**Required action**
The response should repeat word for word every line below from the one with "Industrial Unit in Coventry - photo 3" to the one with "Property at 113", inclusive, and nothing else; leave pictures out.

**Dataset**
= Beginning of Section =

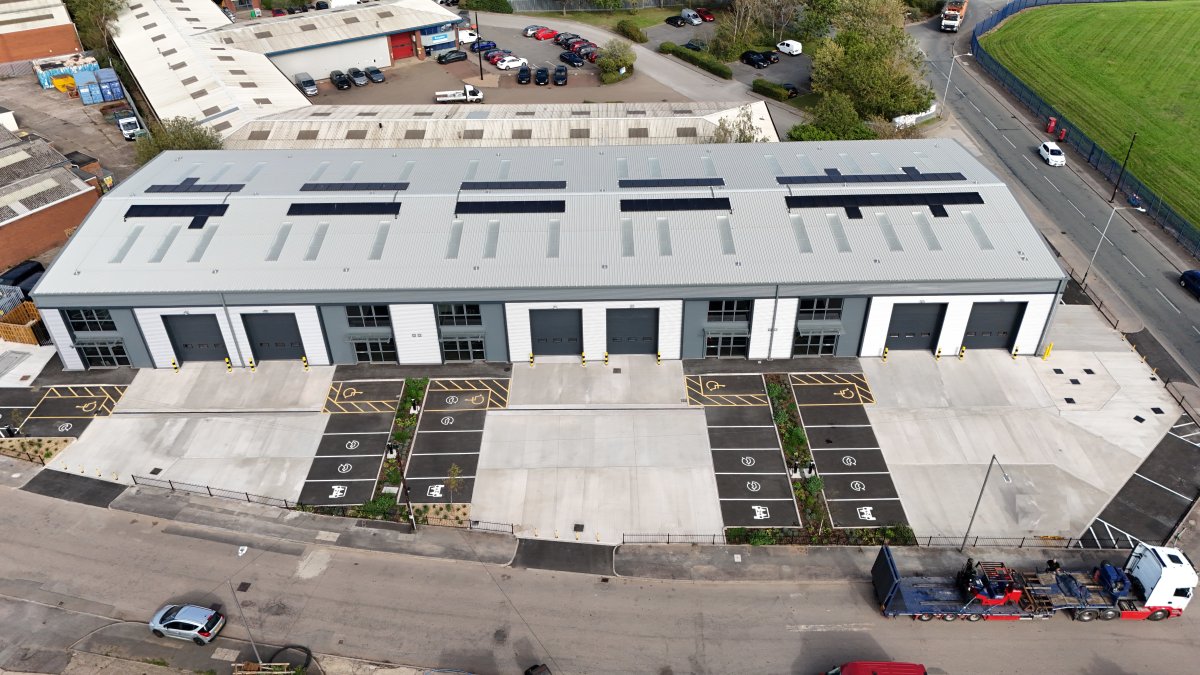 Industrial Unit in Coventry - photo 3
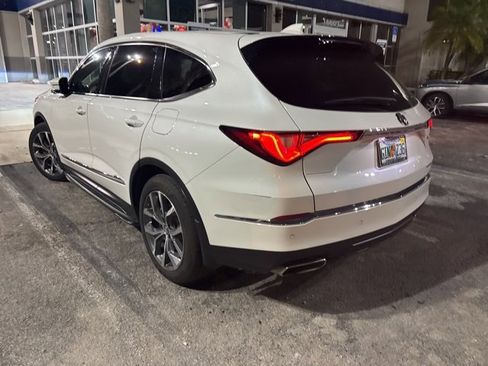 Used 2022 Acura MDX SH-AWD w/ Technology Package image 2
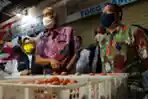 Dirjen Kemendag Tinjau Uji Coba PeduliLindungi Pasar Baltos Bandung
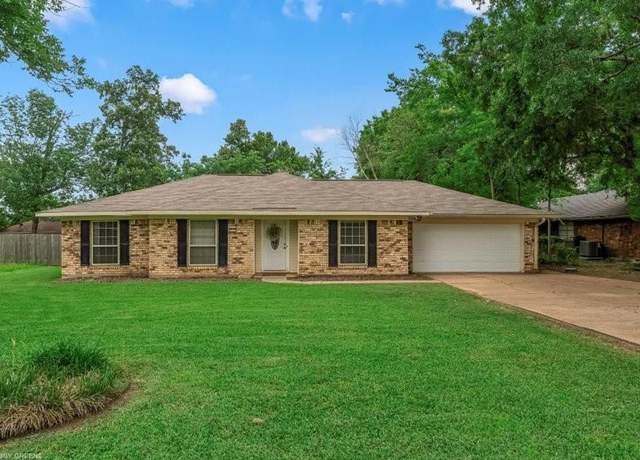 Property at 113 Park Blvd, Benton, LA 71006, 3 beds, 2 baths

= End of Section =
= Beginning of Section =

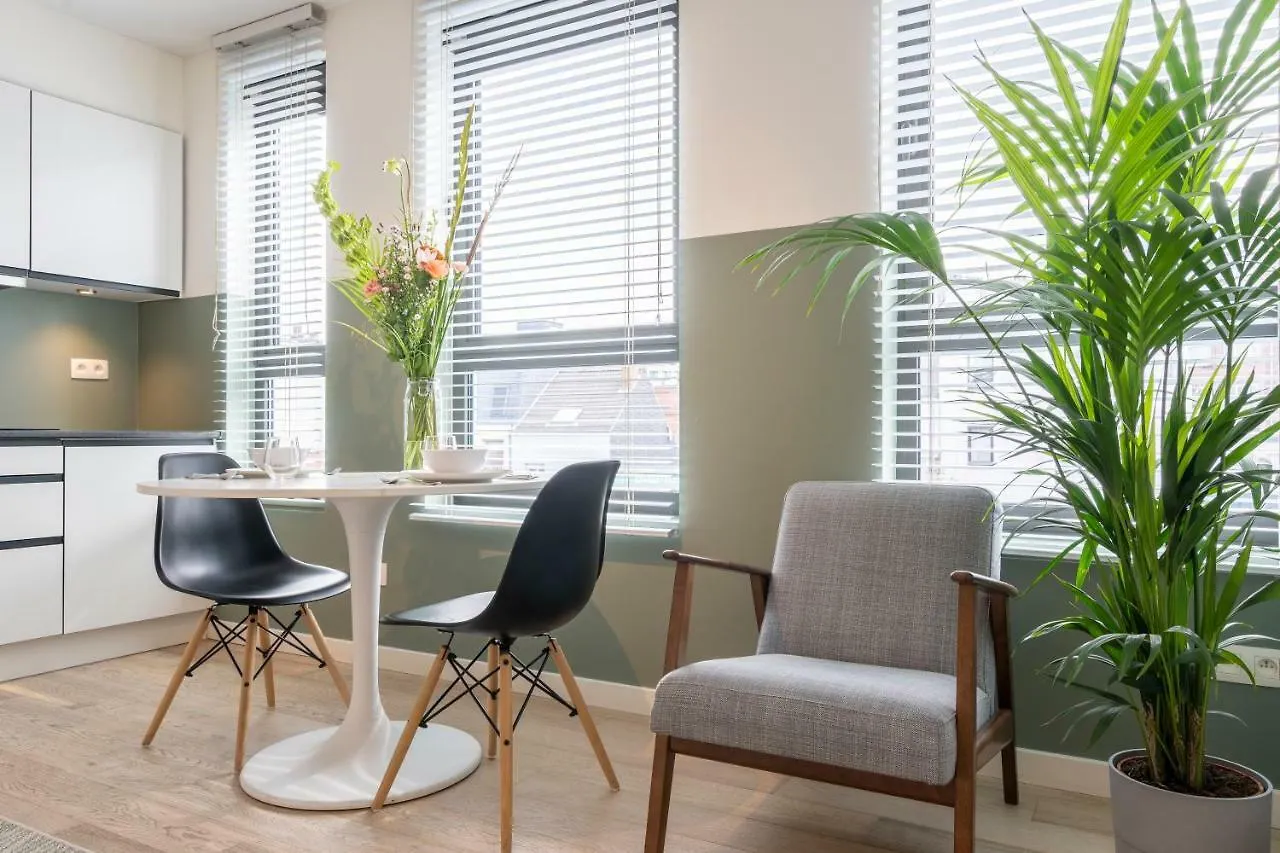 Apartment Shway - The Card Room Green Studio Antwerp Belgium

= End of Section =
= Beginning of Section =

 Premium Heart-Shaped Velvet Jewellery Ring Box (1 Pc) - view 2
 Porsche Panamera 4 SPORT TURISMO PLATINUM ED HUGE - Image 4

= End of Section =

**Result of this task**
 Industrial Unit in Coventry - photo 3
 Used 2022 Acura MDX SH-AWD w/ Technology Package image 2
 Dirjen Kemendag Tinjau Uji Coba PeduliLindungi Pasar Baltos Bandung
 Property at 113 Park Blvd, Benton, LA 71006, 3 beds, 2 baths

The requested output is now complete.